Source information:
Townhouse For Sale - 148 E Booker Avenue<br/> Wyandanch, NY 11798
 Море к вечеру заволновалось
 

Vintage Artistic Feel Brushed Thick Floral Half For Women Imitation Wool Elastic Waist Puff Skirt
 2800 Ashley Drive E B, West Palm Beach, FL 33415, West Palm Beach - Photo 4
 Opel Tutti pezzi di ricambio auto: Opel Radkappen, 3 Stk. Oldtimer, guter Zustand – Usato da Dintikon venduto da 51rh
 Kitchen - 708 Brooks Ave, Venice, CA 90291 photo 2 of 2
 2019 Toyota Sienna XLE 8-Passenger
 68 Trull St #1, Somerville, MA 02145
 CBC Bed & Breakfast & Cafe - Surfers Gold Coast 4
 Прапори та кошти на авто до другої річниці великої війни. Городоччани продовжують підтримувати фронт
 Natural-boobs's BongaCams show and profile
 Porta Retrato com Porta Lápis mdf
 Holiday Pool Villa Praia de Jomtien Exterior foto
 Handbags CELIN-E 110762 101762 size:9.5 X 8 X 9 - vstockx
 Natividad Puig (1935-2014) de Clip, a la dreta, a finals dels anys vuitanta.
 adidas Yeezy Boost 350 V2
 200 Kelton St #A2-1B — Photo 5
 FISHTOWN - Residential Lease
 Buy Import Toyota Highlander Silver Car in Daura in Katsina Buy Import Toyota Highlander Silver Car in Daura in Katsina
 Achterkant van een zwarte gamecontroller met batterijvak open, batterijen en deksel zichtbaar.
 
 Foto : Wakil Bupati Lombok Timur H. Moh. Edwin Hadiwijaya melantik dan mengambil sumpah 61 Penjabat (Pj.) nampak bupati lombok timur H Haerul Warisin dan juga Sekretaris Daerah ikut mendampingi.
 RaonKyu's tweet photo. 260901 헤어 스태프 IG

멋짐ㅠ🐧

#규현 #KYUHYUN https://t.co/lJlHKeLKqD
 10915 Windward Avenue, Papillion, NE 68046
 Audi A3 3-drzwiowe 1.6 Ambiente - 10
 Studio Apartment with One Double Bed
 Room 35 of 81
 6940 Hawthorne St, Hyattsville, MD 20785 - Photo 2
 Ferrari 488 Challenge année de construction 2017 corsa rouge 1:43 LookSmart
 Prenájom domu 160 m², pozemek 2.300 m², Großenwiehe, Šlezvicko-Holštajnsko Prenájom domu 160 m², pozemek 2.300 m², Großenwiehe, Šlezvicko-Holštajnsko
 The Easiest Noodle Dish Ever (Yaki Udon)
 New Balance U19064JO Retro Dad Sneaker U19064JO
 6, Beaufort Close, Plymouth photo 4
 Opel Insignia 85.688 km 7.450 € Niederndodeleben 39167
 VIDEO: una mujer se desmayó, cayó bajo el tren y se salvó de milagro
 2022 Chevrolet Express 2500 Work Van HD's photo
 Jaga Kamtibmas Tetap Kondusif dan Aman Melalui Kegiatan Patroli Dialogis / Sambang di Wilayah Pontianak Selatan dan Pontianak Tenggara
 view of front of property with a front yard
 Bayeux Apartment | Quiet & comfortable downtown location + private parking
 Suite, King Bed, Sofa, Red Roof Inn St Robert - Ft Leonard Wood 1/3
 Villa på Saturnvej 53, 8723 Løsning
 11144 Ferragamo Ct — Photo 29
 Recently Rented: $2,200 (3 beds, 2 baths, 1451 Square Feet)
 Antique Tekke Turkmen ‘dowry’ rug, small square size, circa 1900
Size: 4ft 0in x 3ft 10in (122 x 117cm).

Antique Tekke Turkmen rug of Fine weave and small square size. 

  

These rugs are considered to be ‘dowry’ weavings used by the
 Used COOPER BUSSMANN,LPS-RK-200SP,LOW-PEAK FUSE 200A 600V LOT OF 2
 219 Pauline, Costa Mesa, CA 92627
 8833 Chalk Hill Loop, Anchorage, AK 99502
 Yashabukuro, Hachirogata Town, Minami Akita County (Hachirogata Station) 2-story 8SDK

About this exercise: Set down only the lines above that fall between the line holding "Villa på Saturnvej 53, 8723 Løsning" and the line holding "Size: 4ft 0in x 3ft 10in (122 x 117cm).", inclusive, keeping each exact.

Result of the exercise:
 Villa på Saturnvej 53, 8723 Løsning
 11144 Ferragamo Ct — Photo 29
 Recently Rented: $2,200 (3 beds, 2 baths, 1451 Square Feet)
 Antique Tekke Turkmen ‘dowry’ rug, small square size, circa 1900
Size: 4ft 0in x 3ft 10in (122 x 117cm).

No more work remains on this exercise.